Kürzlich kam mir Petzolds Original-„Hello World“ für Windows in C wieder mal in die Hände. Als ich so am Staunen war über die Schönheit des Win32-API in seiner unverfälschten, puren Form, erinnerte ich mich daran, dass vor nicht allzu langer Zeit ziemlich heftig darüber spekuliert worden ist. Man fragte sich, ob Microsoft .NET nicht nur baut, damit wir Applikationsprogrammierer etwas produktiver werden, sondern um mittelfristig Win32 abzulösen und damit die gesamte Windows-Programmierung auf das nächste Level zu heben: das .NET-Framework als das neue Windows, zumindest was das API angeht.

Das hat meine Neugierde geweckt, und ich habe etwas recherchiert, wie es unterdessen um diese Spekulationen steht.

Per Google findet man relativ leicht heraus, dass der Höhepunkt dieses „Memes“ so um 2003/2004 herum gewesen sein muss, als die Gerüchte ins Kraut schossen, wie wohl das neue Windows Code-Name Longhorn aussehen würde. Von grossen, in .NET implementierten Betriebssystem-Teilen war die Rede. Und in diesem Longhorn FAQ, das offenbar als seriös genommen werden will, findet man folgende Aussage: „In the technology generations leading up to Longhorn, Microsoft has been moving to a .NET-based managed code environment dubbed WinFX, and the Longhorn generation will finally mark a clean split with the Win32 APIs of the past.“

Es ist mir hingegen nicht gelungen, unter Stichworten wie future windows API interessante aktuelle Informationen zu finden.
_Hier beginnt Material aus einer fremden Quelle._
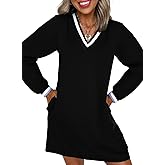 EVALESS Womens Dresses 2026 Spring Fall V Neck Long Sleeve Casual Tshirt Dress Contrast Striped Sweatshirt Dress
Vielleicht hat ja Microsofts lange und schmerzreiche Schwangerschaft mit Windows Vista zu einer gewissen Ernüchterung geführt, wie schnell man Win32 ablösen könnte und wie gross der Aufwand dafür wirklich wäre.
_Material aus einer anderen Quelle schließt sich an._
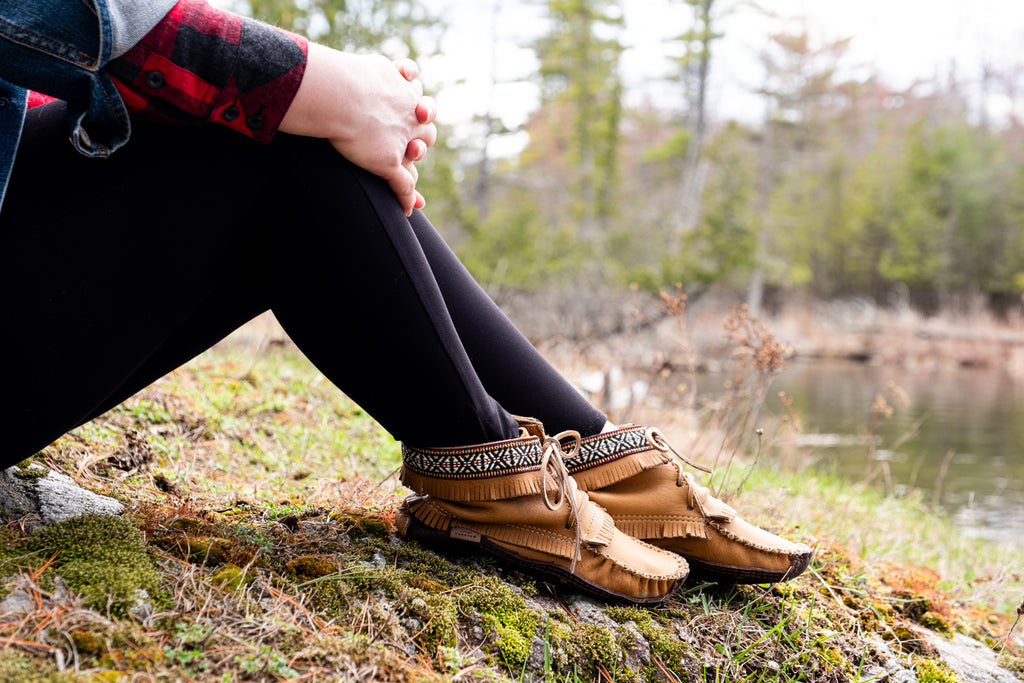 Grounding in a pair of earthing moccasin ankle boots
In einer Diskussion aus dem Jahre 2004 stiess ich noch auf folgendes Argument, das mir heute noch relevant scheint und das ich ganz interessant fand: Microsoft verdient bekanntermassen nur mit 2 Dingen richtig massig Geld, einerseits mit Windows selbst, und andererseits mit Office. Die Office-Programme basieren auf Win32. Wenn also Microsoft mit .NET als Win32-Ablösung wirklich ernst machen will, ohne eine der beiden „cash cows“ zu verlieren, müsste sie einen kompletten Rewrite der Office-Programme ins Auge fassen. Von einem solchen ist nichts bekannt.

Aber wie dem auch sei, ob nun Microsoft etwas zu hoch gezielt hat ursprünglich oder nicht, gedeiht das .NET-Framework prächtig, und es kommt wohl kaum mehr jemandem in den Sinn, ein normales Applikationsprogramm auf Win32 aufzusetzen.

Dass das Framework unterdessen durchaus das Zeug hätte, als Windows-Programmieroberfläche zu fungieren, sieht man übrigens an der PowerShell, die ja mit Hilfe von .NET implementiert worden ist.

Zu guter letzt noch ein paar Links: ein Artikel von Joel Spolsky aus dem Jahre 2004 (immer noch lesenswert, falls man ihn nicht schon kennt), und die Website The Old New Thing mit manchmal geradezu abenteuerlichen Geschichten über die Entstehung gewisser Dinge rund um Win32, etwa diese Story mit dem Titel What about BOZOSLIVEHERE and TABTHETEXTOUTFORWIMPS?.